Enfin, on notera qu’au prétérit, could évoque seulement la capacité (« pouvait »), alors que was/were able to… évoque une réalisation effective (« a/ont/etc. pu »). Ainsi she could run away dit qu’elle le pouvait, mais ne dit pas si elle l’a fait ou non, alors que she was able to run away dit qu’elle a pu le faire, donc qu’elle l’a fait. A la forme négative, il y a moins de différence, car si on ne pouvait pas faire quelque chose, on n’a pas pu le faire ; mais la distinction continue d’exister.

2.4. Parler de l’avenir proche : will vs be going to + infinitif

Be going to + infinitif présente go (ici, l’idée abstraite d’aller vers la réalisation de l’action) comme étant en cours (be going). Concrètement, be going to + infinitif présente l’action comme déjà décidée avant que la phrase soit prononcée.

Will, à valeur épistémique, dit seulement qu’il y a forte probabilité de réalisation, comme pour les autres références futures. Etant pour l’avenir proche en concurrence avec be going to + infinitif, il s’emploie généralement pour une décision prise au moment où la phrase est énoncée.

Ainsi :

From the train station we went straight to tante Lotta and onkel Aksel's home where we were going to have breakfast.: la visite et le programme ont été planifiés en amont.

‘I got to be moving along.’ ‘Hold on a minute. I'll put you up a snack to eat.’ : la décision est prise sur le moment, en réaction à la première réplique.

‘We’ve got a party to attend !’ ‘You’re right. I am going to change my clothes.’ : la décision de se changer fait partie d’un « protocole » décidé en amont (aller à la soirée).

3. Conseils de mise en œuvre

3.1. A quel niveau d’enseignement introduire tel point ?

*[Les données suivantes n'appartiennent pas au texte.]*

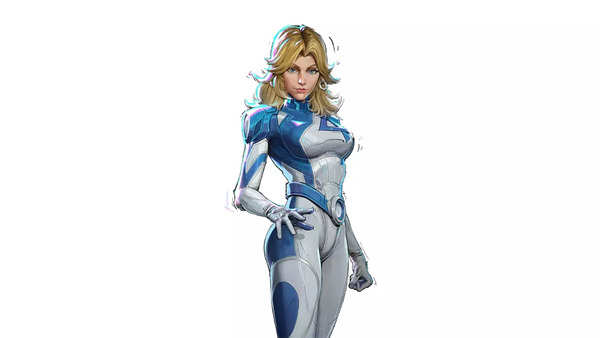 Default Invisible Woman Skin in Marvel Rivals (Image via NetEase Games) Default Invisible Woman Skin in Marvel Rivals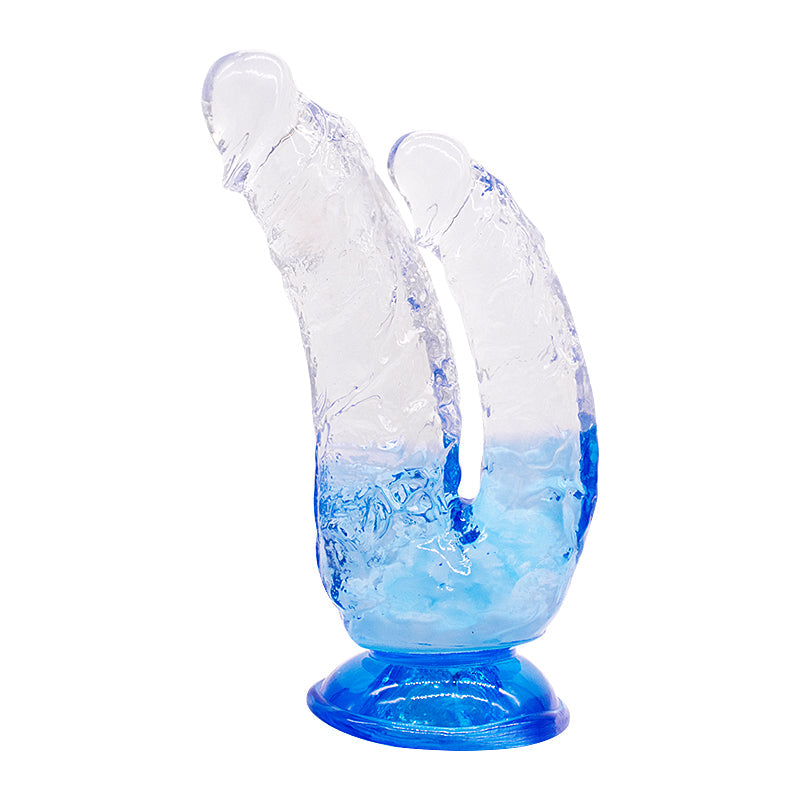 Dildo aus phthalatfreiem PVC, Größe M (19 cm Gesamtlänge, 4,5 cm Durchmesser) – realistischer Dildo in Gelb, Rot, Lila & Blau, wasserdicht, körperfreundliches Material, hautfreundlich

Pour rendre pertinent le choix du niveau d’enseignement dans une démarche communicative, il est important de prendre en compte la complexité de tel emploi, mais aussi sa fréquence d’utilisation (est-ce un élément clef à maîtriser tôt dans son parcours d’apprenant ?) et son importance pour se faire comprendre.
  • Il est essentiel de s’interroger finement sur l’objectif exact recherché : qu’est-ce exactement que mes élèves ne savaient pas faire avant et qu’il sauront faire grâce à ce travail ? Quel besoin auront-ils exactement pour la tâche de production qui va suivre ? Ceci permet de cibler l’élément sur lequel se concentrer : quel que soit le niveau d’étude, et même en remédiation, il est inefficace, et même totalement contre-productif, de proposer un grand panorama des modaux. Il est possible bien sûr de présenter de tels éléments de synthèse rétrospectivement, en fin de parcours ; la démarche est alors différente.
  • Pour les valeurs radicales, travailler par notion est souvent utile ; ainsi can étudié pour la « permission » (on n’aborde alors pas les cas de capacité du sujet, par exemple) ; on peut choisir, selon les besoins de production qui suivent, de l’opposer à may, ou de travailler la version négative et/ou interrogative. La distinction entre could et was/were able to… viendra bien plus tard, étant plus complexe et d’usage beaucoup moins fréquent. Cette recommandation d’isoler une notion à la fois ne signifie pas qu’il ne faut pas montrer la cohérence de tel ou tel modal dans la langue. Ainsi, pour may par exemple, s’il a été étudié dans sa valeur épistémique précédemment, il est intéressant de montrer qu’il s’agit toujours de « possibilité », mais en termes de permission.
  • Pour l’avenir proche, le besoin de comprendre be going to + infinitif arrive dans l’apprentissage dès le collège, et peut être facilement acquis. La différence entre be going to + infinitif et will pour l’avenir proche, en revanche, relève plutôt du lycée, pour des élèves de bon niveau.
  • Pour certains emplois, la reconnaissance à un moment donné est à distinguer de la véritable appropriation. Par exemple, si un document présente Oh, you ’will be a nuisance !, il peut être très intéressant de montrer que la valeur de volonté devient ici entêtement, que l’énonciateur critique (« il faut vraiment que tu embêtes le monde ! » / « tu ne veux vraiment pas y mettre du tien ! »), sans demander aux élèves de savoir produire ce genre d’énoncés (rares à l’échelle de tous les énoncés produits) eux-mêmes. De même, on peut signaler, à l’occasion d’un énoncé tel que You might have got hurt, que contrairement aux cas classiques d’émission d’hypothèses, le degré de probabilité que véhicule might ne porte pas sur quelque chose dont l’énonciateur n’est pas sûr (on sait ici que le co-énonciateur n’a pas été blessé), mais permet d’envisager un scénario alternatif qui aurait pu se passer (d’où l’effet de reproche, ou simplement d’expression d’une peur quant à ce qui aurait pu se produire, et le recours à un modal marquant une faible probabilité seulement). Paul Larreya nomme ces emplois « épistémique de l’irréel », par opposition aux cas plus classiques d’« épistémique de l’inconnu ».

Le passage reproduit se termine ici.